O meritíssimo doutor Machado recolheu as cartas e entre-gou-as a Fernando, a quem cabia a vez de baralhar.
"Se calhar dava para governante", alvitrou o doutor Garcia, homem de uma magreza quase cadavérica, piscando os olhos num tique nervoso. "Sempre fazia melhor figura do que alguns animais que para lá temos em Lisboa." O advogado ergueu o sobrolho e fitou o dono do cão. "Não acha, doutor Afonso?"
O veterinário riu-se.
"Não me puxe pela língua."
"Ó Garcia, não diga disparates", atalhou o doutor Machado, sempre atento às provocações do advogado. "Se não fossem os nossos governantes, onde estaríamos nós?"
"Estaríamos felizes."
O juiz rolou os olhos, como se se enchesse de paciência.

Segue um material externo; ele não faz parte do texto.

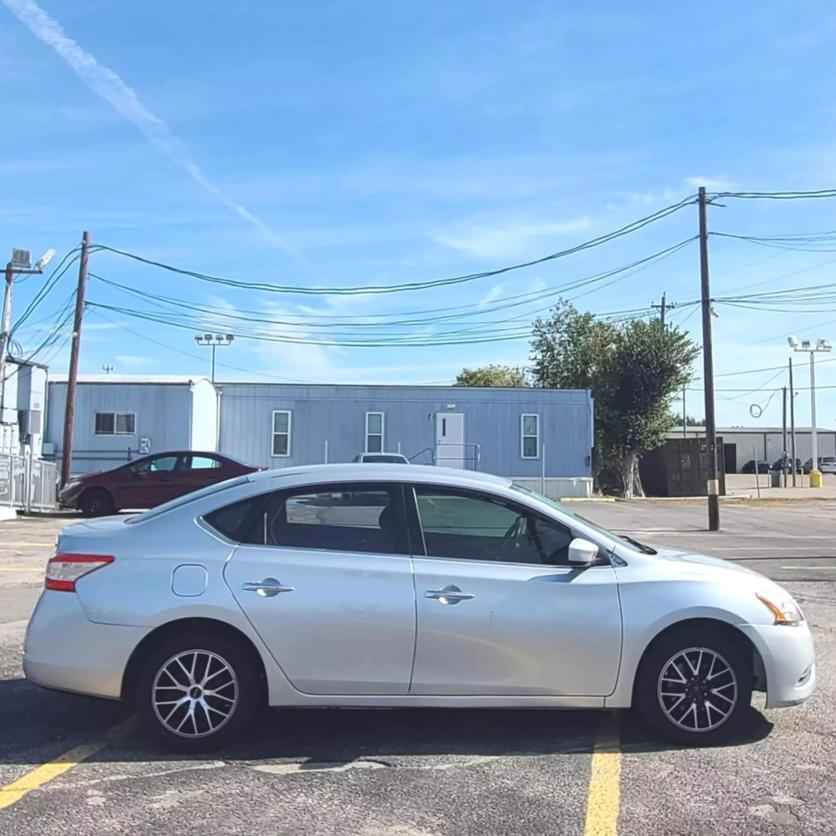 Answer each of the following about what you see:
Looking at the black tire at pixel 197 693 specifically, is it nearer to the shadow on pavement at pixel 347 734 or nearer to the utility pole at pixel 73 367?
the shadow on pavement at pixel 347 734

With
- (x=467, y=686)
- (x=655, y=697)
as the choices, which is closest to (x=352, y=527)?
(x=467, y=686)

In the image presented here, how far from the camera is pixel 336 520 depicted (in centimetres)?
521

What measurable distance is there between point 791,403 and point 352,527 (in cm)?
6633

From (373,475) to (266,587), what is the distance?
0.92 m

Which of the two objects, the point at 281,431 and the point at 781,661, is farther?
the point at 281,431

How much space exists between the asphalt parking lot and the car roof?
1498 mm

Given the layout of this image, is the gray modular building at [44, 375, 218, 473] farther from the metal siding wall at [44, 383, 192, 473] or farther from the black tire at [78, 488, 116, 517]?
the black tire at [78, 488, 116, 517]

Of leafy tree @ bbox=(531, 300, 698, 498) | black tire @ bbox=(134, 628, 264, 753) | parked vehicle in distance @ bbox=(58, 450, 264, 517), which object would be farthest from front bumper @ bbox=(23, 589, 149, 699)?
leafy tree @ bbox=(531, 300, 698, 498)

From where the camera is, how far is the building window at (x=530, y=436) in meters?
33.9

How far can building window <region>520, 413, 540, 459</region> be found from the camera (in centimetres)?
3388

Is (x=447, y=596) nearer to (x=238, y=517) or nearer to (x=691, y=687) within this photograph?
(x=238, y=517)

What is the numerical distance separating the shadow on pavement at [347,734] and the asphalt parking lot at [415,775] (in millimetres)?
13

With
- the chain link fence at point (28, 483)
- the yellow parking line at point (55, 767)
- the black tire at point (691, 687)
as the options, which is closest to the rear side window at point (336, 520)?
the yellow parking line at point (55, 767)

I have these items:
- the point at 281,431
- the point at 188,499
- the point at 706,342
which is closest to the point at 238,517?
the point at 188,499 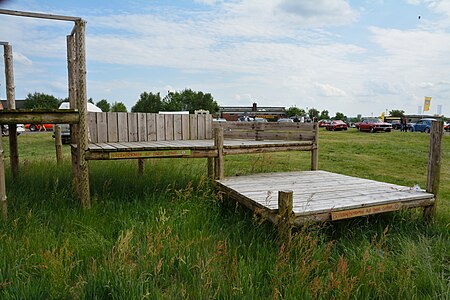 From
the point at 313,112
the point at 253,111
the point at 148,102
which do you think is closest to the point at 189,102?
the point at 148,102

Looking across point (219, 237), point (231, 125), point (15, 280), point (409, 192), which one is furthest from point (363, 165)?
point (15, 280)

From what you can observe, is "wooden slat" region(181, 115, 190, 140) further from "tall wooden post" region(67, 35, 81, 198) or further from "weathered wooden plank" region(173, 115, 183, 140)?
"tall wooden post" region(67, 35, 81, 198)

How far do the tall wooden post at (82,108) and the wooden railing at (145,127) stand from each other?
1.39 metres

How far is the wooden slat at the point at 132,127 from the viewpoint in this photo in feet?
21.2

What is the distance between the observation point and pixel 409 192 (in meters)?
4.77

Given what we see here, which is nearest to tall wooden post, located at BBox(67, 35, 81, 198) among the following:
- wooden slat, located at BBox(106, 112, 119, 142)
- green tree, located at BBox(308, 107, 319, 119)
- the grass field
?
the grass field

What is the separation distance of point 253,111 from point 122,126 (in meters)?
87.0

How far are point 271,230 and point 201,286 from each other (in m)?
1.52

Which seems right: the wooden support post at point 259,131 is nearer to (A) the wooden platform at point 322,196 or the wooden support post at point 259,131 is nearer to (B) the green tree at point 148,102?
(A) the wooden platform at point 322,196

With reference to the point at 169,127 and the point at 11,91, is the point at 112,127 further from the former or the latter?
the point at 11,91

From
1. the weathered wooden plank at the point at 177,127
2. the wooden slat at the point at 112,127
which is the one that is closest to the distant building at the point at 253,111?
the weathered wooden plank at the point at 177,127

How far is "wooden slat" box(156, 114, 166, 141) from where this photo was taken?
6.81m

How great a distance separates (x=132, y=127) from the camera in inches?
256

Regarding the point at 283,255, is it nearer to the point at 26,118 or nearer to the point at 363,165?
the point at 26,118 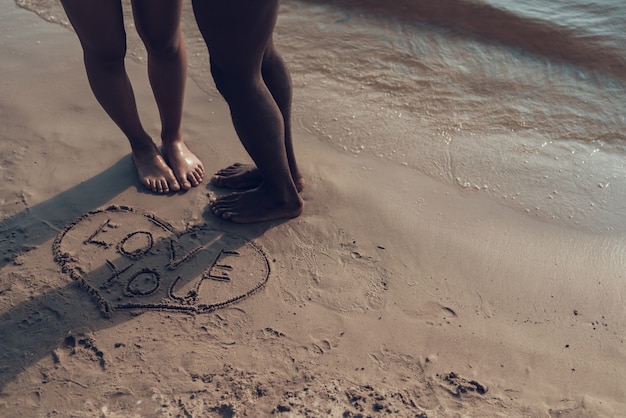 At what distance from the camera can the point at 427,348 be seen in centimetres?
208

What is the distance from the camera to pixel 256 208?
8.41 ft

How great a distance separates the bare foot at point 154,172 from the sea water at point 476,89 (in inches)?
34.1

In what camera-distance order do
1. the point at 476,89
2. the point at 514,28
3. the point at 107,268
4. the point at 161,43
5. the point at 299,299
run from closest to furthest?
the point at 299,299 → the point at 107,268 → the point at 161,43 → the point at 476,89 → the point at 514,28

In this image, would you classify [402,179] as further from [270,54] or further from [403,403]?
[403,403]

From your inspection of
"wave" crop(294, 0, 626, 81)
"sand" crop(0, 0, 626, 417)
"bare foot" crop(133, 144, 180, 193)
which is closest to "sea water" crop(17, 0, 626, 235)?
"wave" crop(294, 0, 626, 81)

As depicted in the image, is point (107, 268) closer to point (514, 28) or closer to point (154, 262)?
point (154, 262)

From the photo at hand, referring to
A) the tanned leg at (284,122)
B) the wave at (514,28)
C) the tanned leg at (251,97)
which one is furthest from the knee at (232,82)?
the wave at (514,28)

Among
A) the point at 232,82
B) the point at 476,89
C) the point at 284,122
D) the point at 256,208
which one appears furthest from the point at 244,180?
the point at 476,89

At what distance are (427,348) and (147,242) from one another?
4.05 ft

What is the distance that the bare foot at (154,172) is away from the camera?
9.02ft

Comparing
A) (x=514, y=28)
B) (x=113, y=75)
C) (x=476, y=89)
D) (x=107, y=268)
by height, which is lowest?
(x=107, y=268)

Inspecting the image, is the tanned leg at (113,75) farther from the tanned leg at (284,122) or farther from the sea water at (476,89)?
the sea water at (476,89)

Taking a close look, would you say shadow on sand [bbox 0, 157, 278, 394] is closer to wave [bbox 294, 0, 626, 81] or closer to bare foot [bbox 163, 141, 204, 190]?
bare foot [bbox 163, 141, 204, 190]

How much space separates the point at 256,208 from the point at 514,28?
310 cm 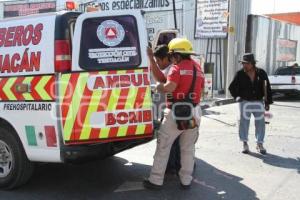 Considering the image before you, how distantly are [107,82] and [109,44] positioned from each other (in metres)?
0.42

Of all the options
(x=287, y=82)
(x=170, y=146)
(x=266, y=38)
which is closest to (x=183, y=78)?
(x=170, y=146)

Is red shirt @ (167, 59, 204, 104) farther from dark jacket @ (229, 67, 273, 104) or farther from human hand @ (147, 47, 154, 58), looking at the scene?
dark jacket @ (229, 67, 273, 104)

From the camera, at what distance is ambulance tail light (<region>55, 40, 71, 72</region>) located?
5.09 m

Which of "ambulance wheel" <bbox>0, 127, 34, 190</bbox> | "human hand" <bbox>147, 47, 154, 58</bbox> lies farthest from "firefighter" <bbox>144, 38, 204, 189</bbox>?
"ambulance wheel" <bbox>0, 127, 34, 190</bbox>

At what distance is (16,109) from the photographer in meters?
5.48

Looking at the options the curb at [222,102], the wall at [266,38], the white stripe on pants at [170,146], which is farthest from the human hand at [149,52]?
the wall at [266,38]

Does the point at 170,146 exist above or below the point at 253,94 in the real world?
below

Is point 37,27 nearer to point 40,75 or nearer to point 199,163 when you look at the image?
point 40,75

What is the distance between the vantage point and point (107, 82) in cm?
512

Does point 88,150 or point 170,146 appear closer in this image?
point 88,150

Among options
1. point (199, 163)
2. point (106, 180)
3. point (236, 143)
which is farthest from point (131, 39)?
point (236, 143)

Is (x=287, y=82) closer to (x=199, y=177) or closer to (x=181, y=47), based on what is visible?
(x=199, y=177)

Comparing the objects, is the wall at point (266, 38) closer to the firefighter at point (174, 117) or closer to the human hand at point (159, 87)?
the firefighter at point (174, 117)

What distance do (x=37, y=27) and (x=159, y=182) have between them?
7.55ft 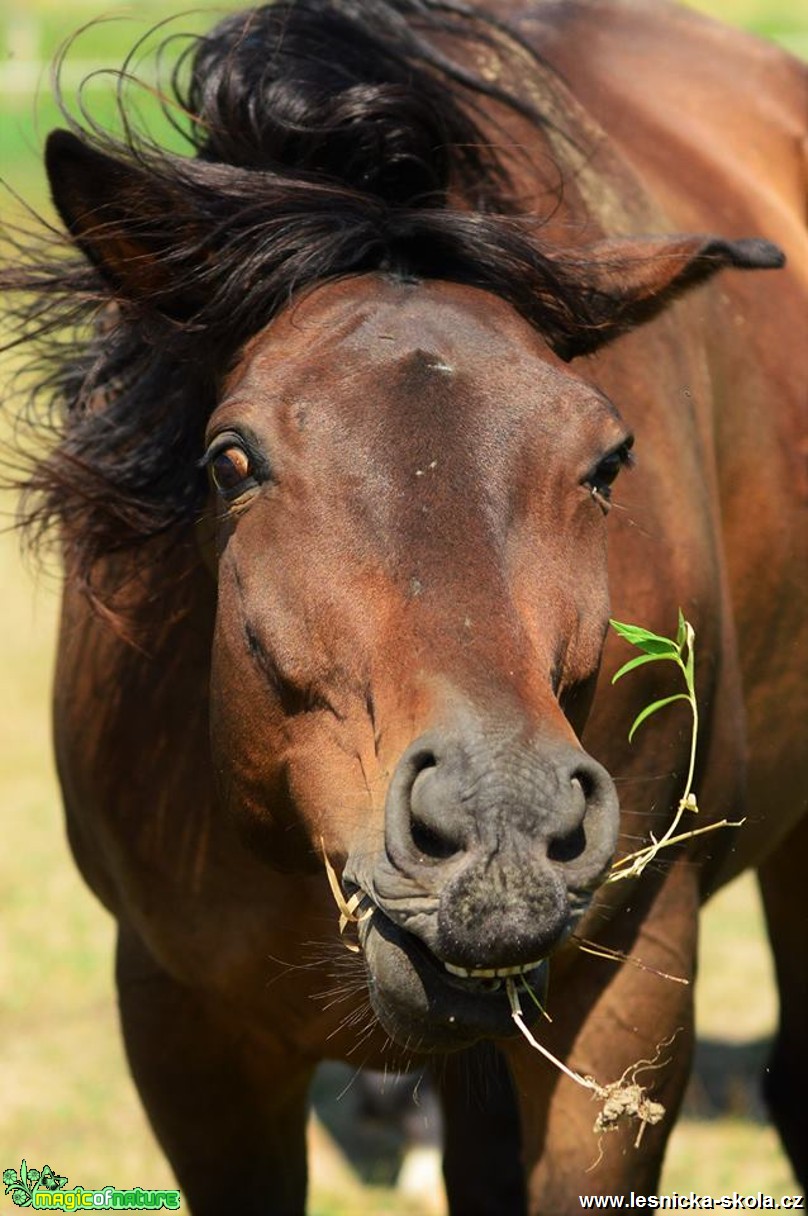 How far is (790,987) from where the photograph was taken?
16.2 ft

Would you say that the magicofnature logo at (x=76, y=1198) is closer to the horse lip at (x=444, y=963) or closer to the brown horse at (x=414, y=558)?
the brown horse at (x=414, y=558)

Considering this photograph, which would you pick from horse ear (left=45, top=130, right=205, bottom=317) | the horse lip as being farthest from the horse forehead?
the horse lip

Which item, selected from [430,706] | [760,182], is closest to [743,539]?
[760,182]

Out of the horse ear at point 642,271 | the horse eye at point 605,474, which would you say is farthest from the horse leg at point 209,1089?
the horse ear at point 642,271

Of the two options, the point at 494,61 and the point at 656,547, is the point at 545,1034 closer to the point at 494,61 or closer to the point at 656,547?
the point at 656,547

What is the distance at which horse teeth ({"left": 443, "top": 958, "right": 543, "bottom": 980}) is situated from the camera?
2.37m

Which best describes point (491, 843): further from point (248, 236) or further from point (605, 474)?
point (248, 236)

"As suas modernices cegam-no, homem", exclamou. "O regime está a fazer um verdadeiro milagre com este país. Um verdadeiro milagre!"
"Qual milagre?", zombou o doutor Garcia. "O das rosas?"
"O da ordem e do progresso."
"Como na bandeira brasileira?"
"Goze, goze. Mas tente comparar o que o país é agora com o que era há uns dez anos. Não há comparação! Onde antes só se via confusão, agora impera a paz. E, sobretudo, percebe-se que as coisas avançam, percebe? Há um rumo, as finanças estão sólidas, a moeda é forte, constroem-se estradas, temos a campanha do trigo a absorver o desemprego e a combater a nossa dependência alimentar em relação ao estrangeiro... é uma maravilha! Onde é que alguma vez se viu isto neste país?"